During 2015, Singaporeans were the top Asian buyers of UK commercial property, however last week, one of Singapore’s largest lenders, UOB, suspended their loan program for London properties. In a statement to the BBC, UOB stated: “We will temporarily stop receiving foreign property loan applications for London properties. As the aftermath of the UK referendum is still unfolding and given the uncertainties, we need to ensure our customers are cautious with their London property investments.”

At present, the other lenders in Singapore, DBS and OCBC bank continue to offer finance but urge their customers to be cautious.

Any investment comes with a degree of risk, but when there is confidence in the market and clear economic policy in action, it is more likely that people will invest more openly. Clearly, at present, as reiterated by UOB, the market sits in a vulnerable position where, whether Article 50 is triggered or not, the next 2 – 4 years are a complete unknown.

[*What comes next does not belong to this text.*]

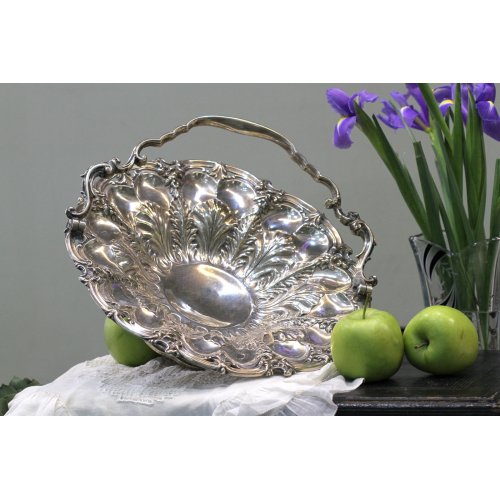 Silver basket with a handle - England, 1842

For private and corporate property investors, the concerns over relocation of offices in the financial sector and a yet unknown exit strategy, influencing public spending and the demand for property for people within the UK, have created cause for re-evaluation. As a result, more than £650 million of commercial property deals in London have collapsed since June 23.

Among these high profile transactions, was Germany’s Union Fund, who had been in negotiation to buy Cannon Place, the £20m purchase of 1 Chancery Lane by a private Spanish investor, and the £190m purchase of the London headquarters of law firm Eversheds by KanAm, a German real estate investor. For private property purchases, there has been a similar trend seen with overseas buyers pulling out of sales and house prices starting to drop, without interested buyers. The UK housing and commercial property market could potentially suffer these impacts of uncertainty for some time to come.

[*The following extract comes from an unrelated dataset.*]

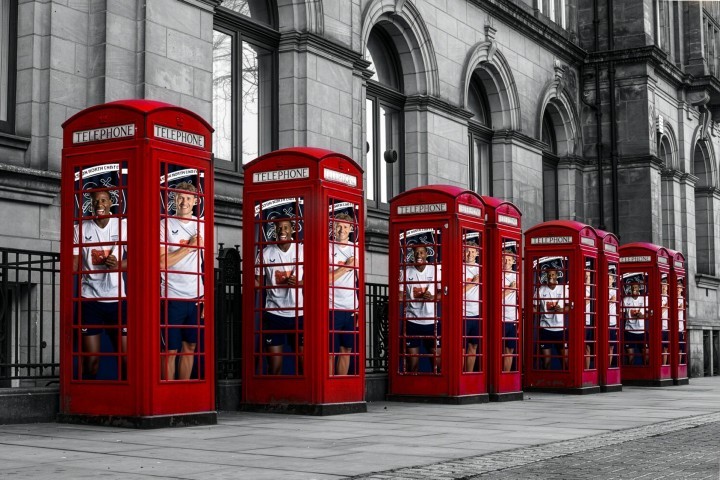 The nine phone boxes with arts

Simon Calton, CEO of Rycal Investment Group, advises, “The US is still the safest place, invest in US dollars … diversify and look for a long-term strategy.”

Carlton James Skywatch Inn Ltd is an investment opportunity presented by the group that is operated exclusively between the UK and the US, avoiding any direct impact from the trade and exit negotiations taking place between the UK and the EU. In the initial fallout of the referendum, the dollar strengthened against the pound, giving a greater confidence in investment in the currency.

This exciting opportunity from Carlton James offers clients the chance to invest in up and coming, high demand areas in the US, where there is an overwhelming requirement for new hospitality. In addition, Carlton James ensure the areas chosen for these new hospitality developments also have additional ‘value generators’, for example proximity to shopping malls, oil fields, airports, amongst others, and with the added security of the group’s strategic structure to back the investments against their growing site portfolio. Although a return can never be guaranteed, there is little doubt that the innovative scheme offers investors great opportunities to profit.

The foreseeable future for the UK economy is, without doubt, uncertain, albeit less negative than was first suggested immediately after the announcement of the Brexit result. With confidence in investing within the UK currently very low, markets in the US could begin to see a surge in sales, and so it may be wise for investors to consider. At a time when the next steps are not yet clear, diversifying and seeking new opportunities further afield while the EU negotiations unfold, could well be the best advice for anyone needing to invest at this time.